As for the journalistic solidarity the NSNC celebrated yesterday and that is spilling over to today and over the weekend depending on newspapers’ printing schedules, this year’s National Columnists Day is, unsurprisingly, somewhat focused on the need to respond to various attacks on the media.
One of the things the NSNC wanted folks to do was write a column about why we publish opinions -- what’s the point of, in our case, pages 2 and 3?
For me, these two pages are the true expression of part of the First Amendment to the Constitution: “Congress shall make no law ... abridging the freedom of speech, or of the press...”
In addition to the freedom we have to publish front page stories that examine our government, from city hall to the White House, we also have the freedom to publish cartoons, editorials, columns and -- here’s where your individual right to the freedom of speech comes in -- letters to the editor critiquing that same government.
With those freedoms come responsiblities. We can’t print fake news, which I define as either the deliberate or grossly negligent attempt to mislead readers into believing things that aren’t true. We make mistakes, yes, but we work very hard not to as opposed to just printing anything we darn well please.
We also can’t allow you, in your letters to the editor, or columns written by regular or guest writers, to libel an individual, group, corporation, organization or even the government. Opinion is one thing, defamation is another.
For example, we have three letters to the editor today, two of which focus on economic development issues we’ve been covering for some time now. Both are critical of the county’s efforts in that arena; one even asks whether or not a change in leadership is necessary.
However, at no point does either reader make a personal attack on anyone or make any claims that could easily be proven false. We could print these letters because they meet the standard of responsible free speech. That is subjective, yes, but based on years and years of having to make such decisions using our knowledge and experience with such issues.
Editorials are this newspaper’s “collective” opinion on a particular matter. Columns are one individual’s opinion, sometimes on the same matters, sometimes about things that are personal to them. Letters to the editor are the same, but by readers rather than regular or guest columnists. Cartoons help shed a light on issues as only art can.

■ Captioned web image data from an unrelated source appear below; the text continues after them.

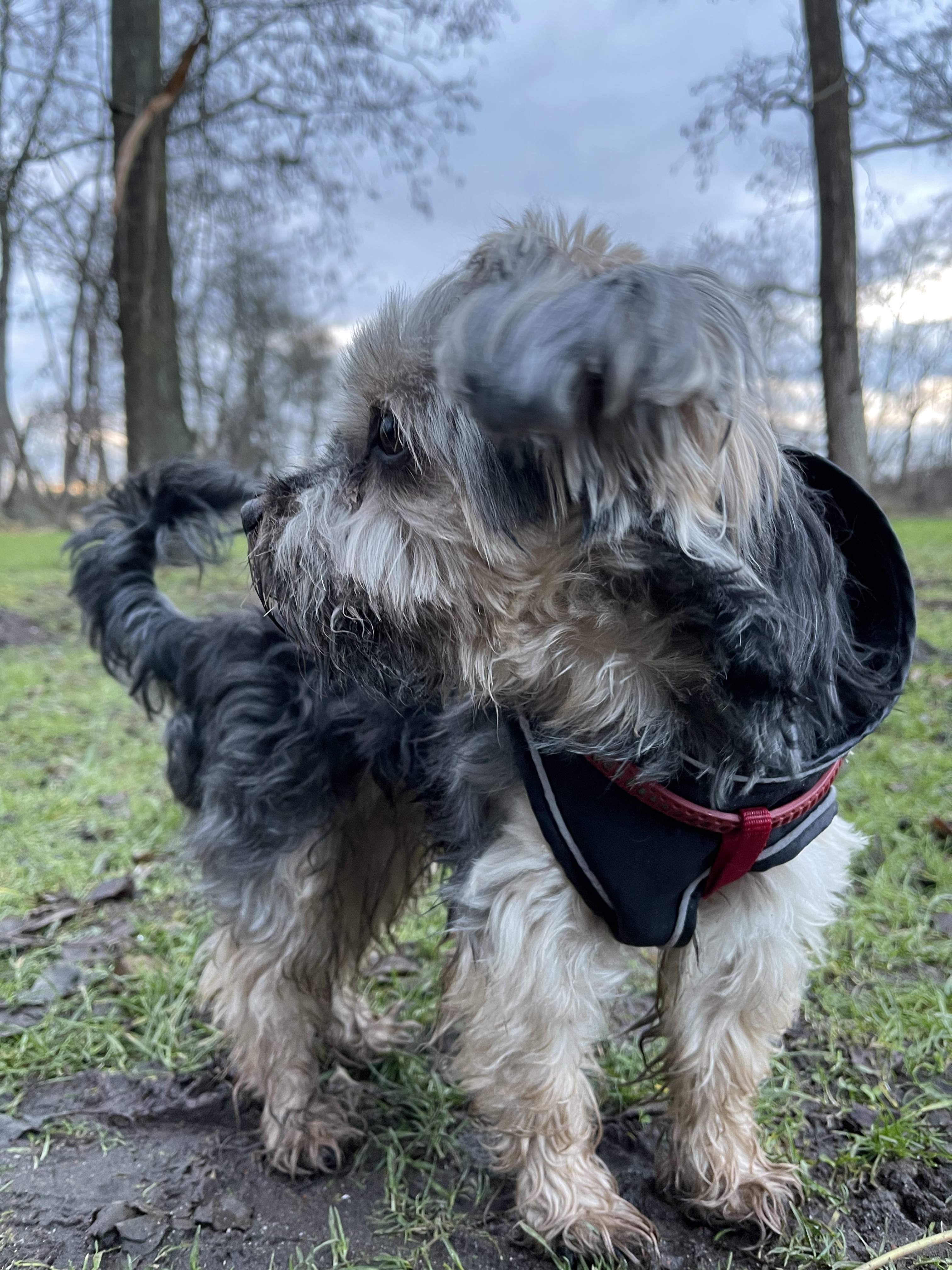 Top für kleine Hunde
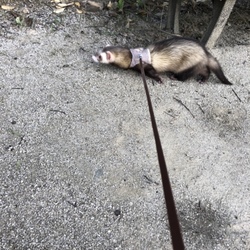 「家族」サムネイル2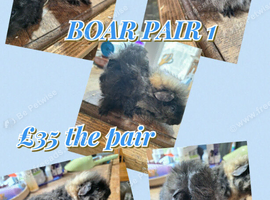 Pair of BOY guinea pigs ready now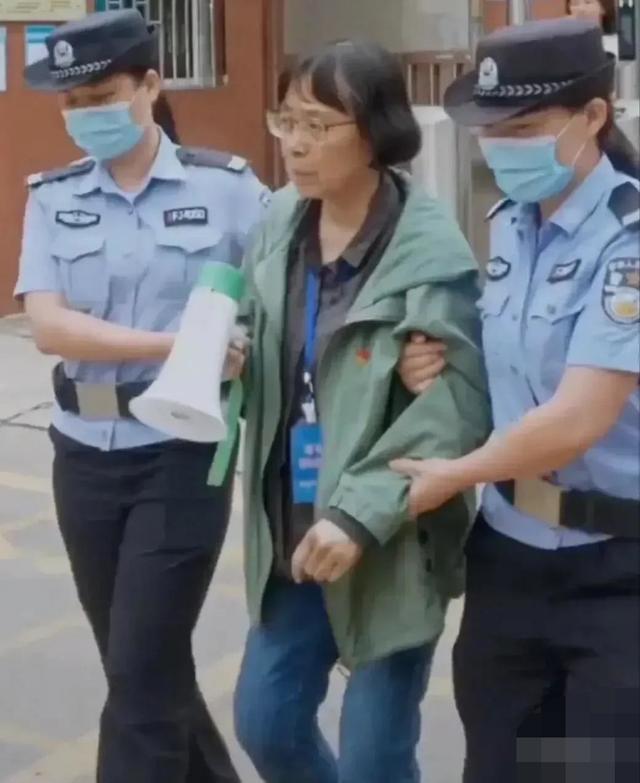 张桂梅事迹的启发与思考作文，张桂梅事迹师德师风心得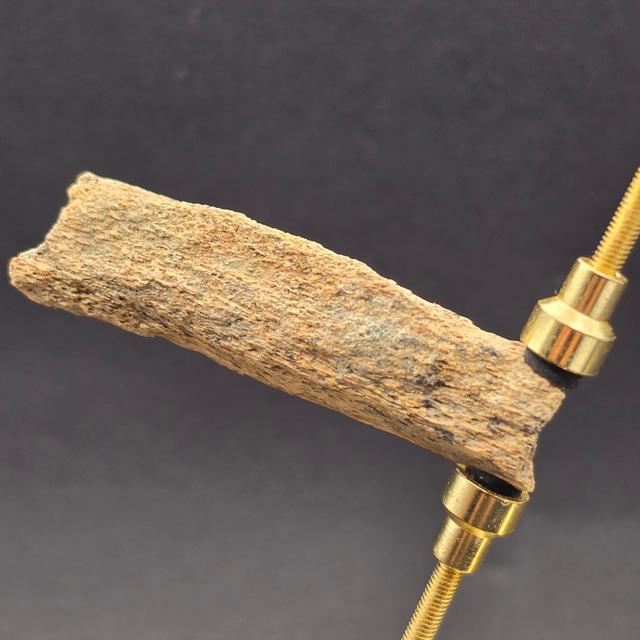 Tyrannosaurus rex Fossil Bone Fragment | Hell Creek Formation, Montana — view 4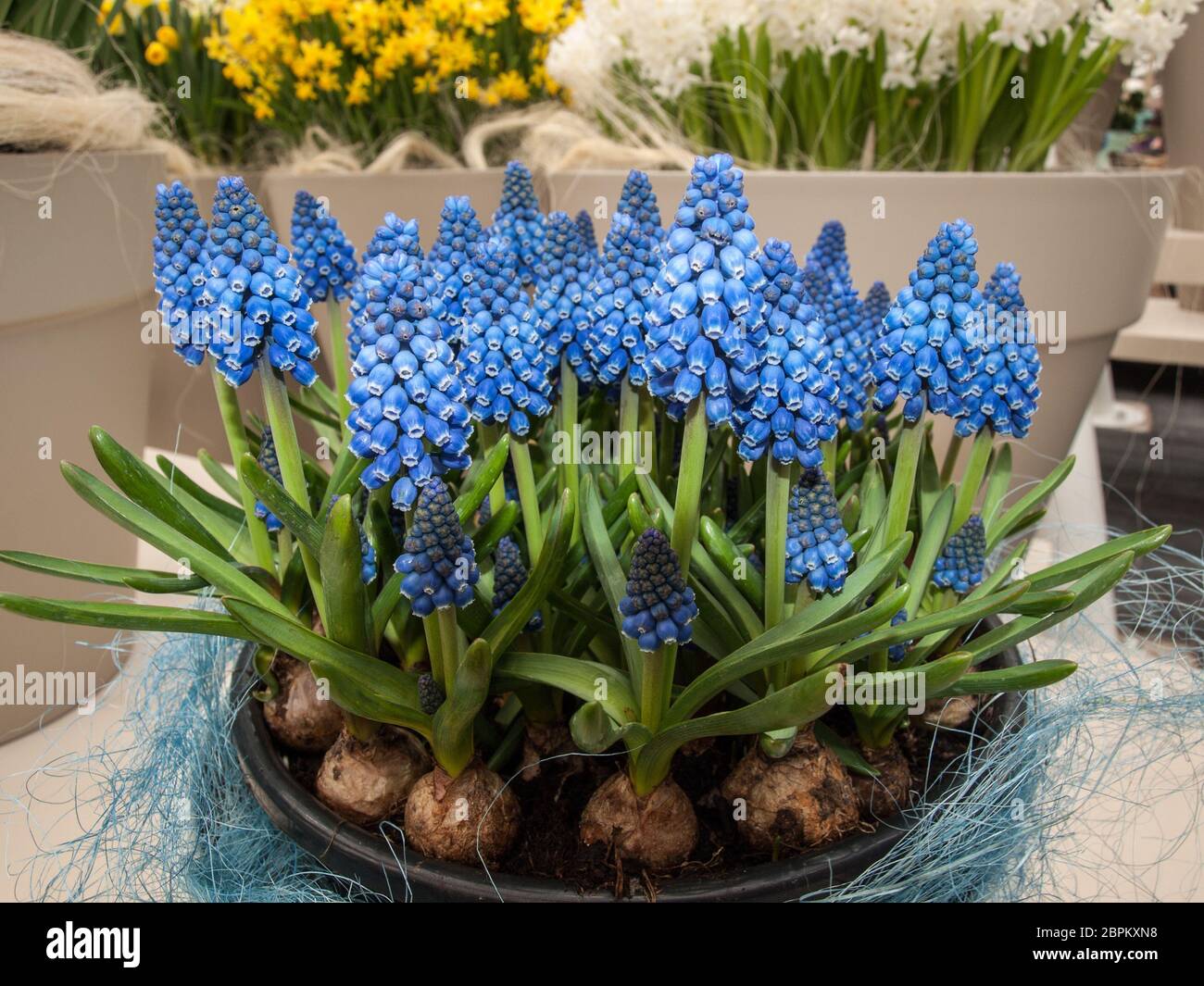 Blaue Traubenhyazinthen muscari armeniacum Blumen mit sichtbaren Glühlampen Stockfoto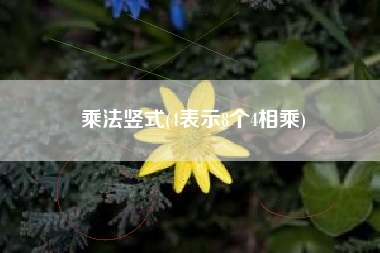 乘法竖式(4表示8个4相乘)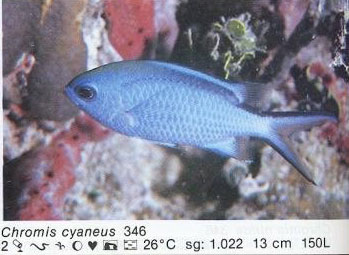Chromis cyaneus
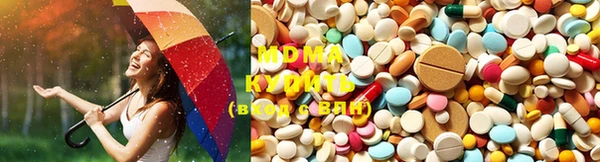 сатива Новозыбков
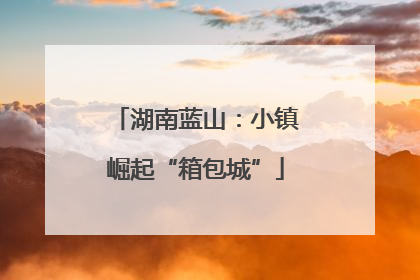 湖南蓝山：小镇崛起“箱包城”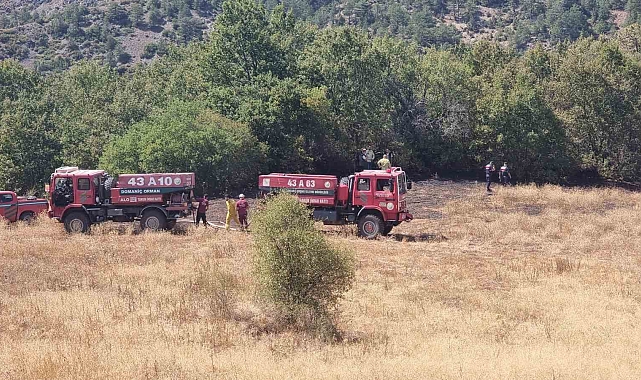 Yıldırım düşmesi sonucu çıkan yangında, 3 dönüm ormanlık alan zarar gördü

All of these types of opinion pieces help us to highlight things that are going right as well as wrong. They help us understand our communities and the world around us. They help us understand each other better, hopefully fostering unity in our communities rather than further deepening divides.
Sometimes, they even help bring about needed change in concert with front page stories that dive deep into the nuts and bolts of an issue.
So, why do pages 2 and 3 matter? They offer opinions for you to think about so you can form your own. They serve as your voice -- a voice that would otherwise be silent if it weren’t for the First Amendment -- to express your own opinions on those same and other matters.
Free press. Free speech. Pages 2 and 3 are, perhaps, their most sacred expression.